Jetzt auch noch das Kita-Zukunftsgesetz
Erzieher sind mit den Nerven am Ende
Speyer/Limburgerhof. Anna Grohmann ist Erzieherin und ständige stellvertretende Leiterin in einer kommunalen Kindertagesstätte in Limburgerhof. Dieser Tage sorgt sie in Speyerer Facebook-Gruppen mit einem offenen Brief an Eltern, Kollegen, Träger, Regierungsverantwortliche und Leidensgenossen für viel Aufmerksamkeit und erntet jede Menge Zuspruch. Die Überschrift über ihrem Brief: Auch die Erzieher*innen in Speyer sind mit den Nerven am Ende!

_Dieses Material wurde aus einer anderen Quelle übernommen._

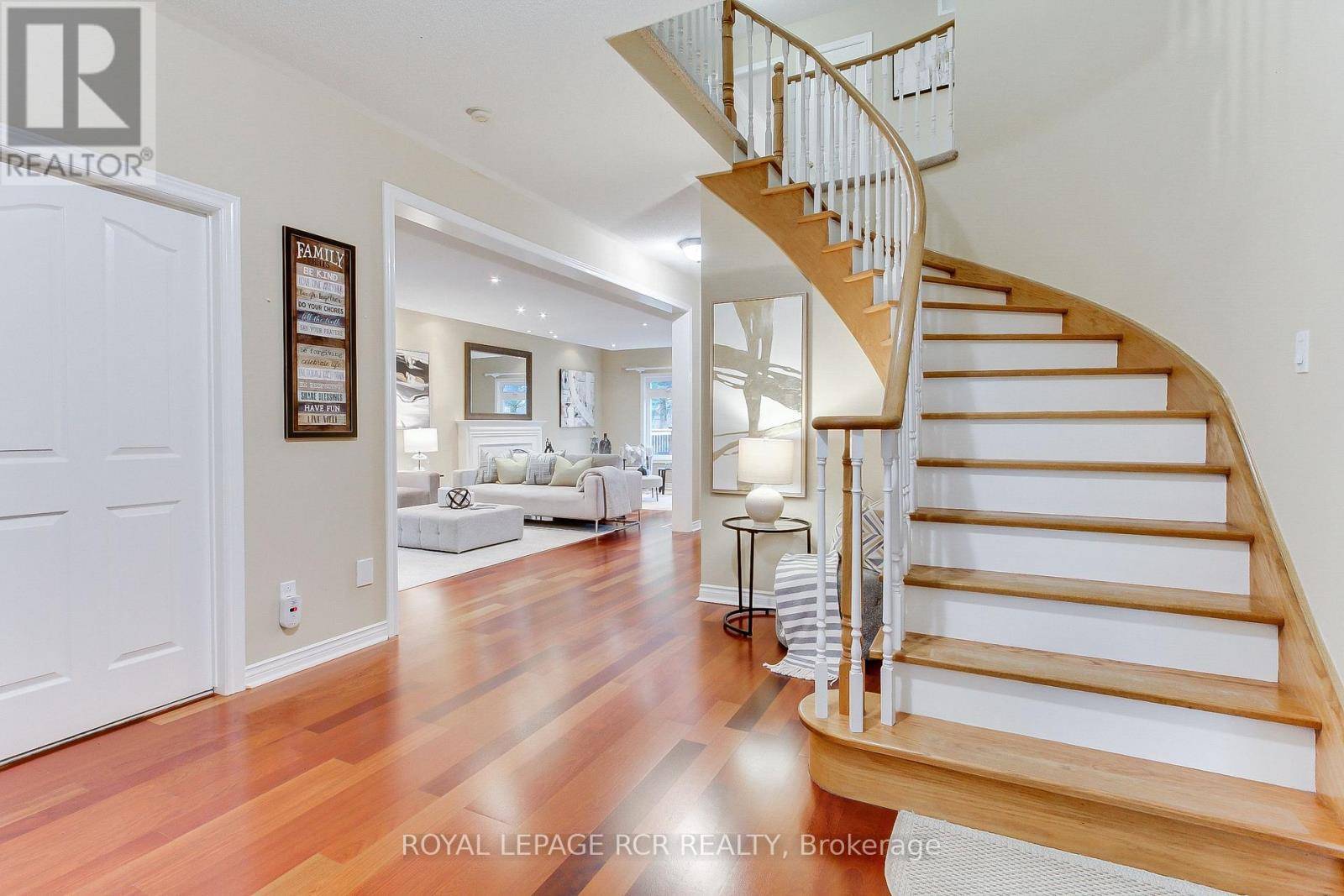 Newmarket (stonehaven-wyndham), ON L3X1V8,558 LYMAN BOULEVARD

In ihrem offenen Brief geht es darum, wie hoch die Ansprüche in ihrem Beruf geworden sind - gerade auch während der Pandemie - und wie sehr sie ihn trotz aller Widrigkeiten liebt. Es geht aber vor allem auch um das Kita-Zukunftsgesetz, das am 1. Juli in Rheinland-Pfalz in Kraft treten soll. Was von der Landesregierung als Verbesserung an allen Kita-Fronten gepriesen wird, ist scheinbar in den Kindertagesstätten nicht ganz so hoch angesehen. Anna Grohmann etwa hätte es gerne gesehen, wenn man - wie vieles andere aufgrund der Pandemie auch - den Start um ein Jahr verschoben hätte. "Das Kita-Zukunftsgesetz wird uns viel abverlangen", sagt sie. Und: "Die Umsetzung obliegt uns, obwohl wir mit vielem nicht einverstanden sind." Stimmen aus der Praxis seien bei der Planung des neuen Gesetzes nicht ausreichend gehört worden.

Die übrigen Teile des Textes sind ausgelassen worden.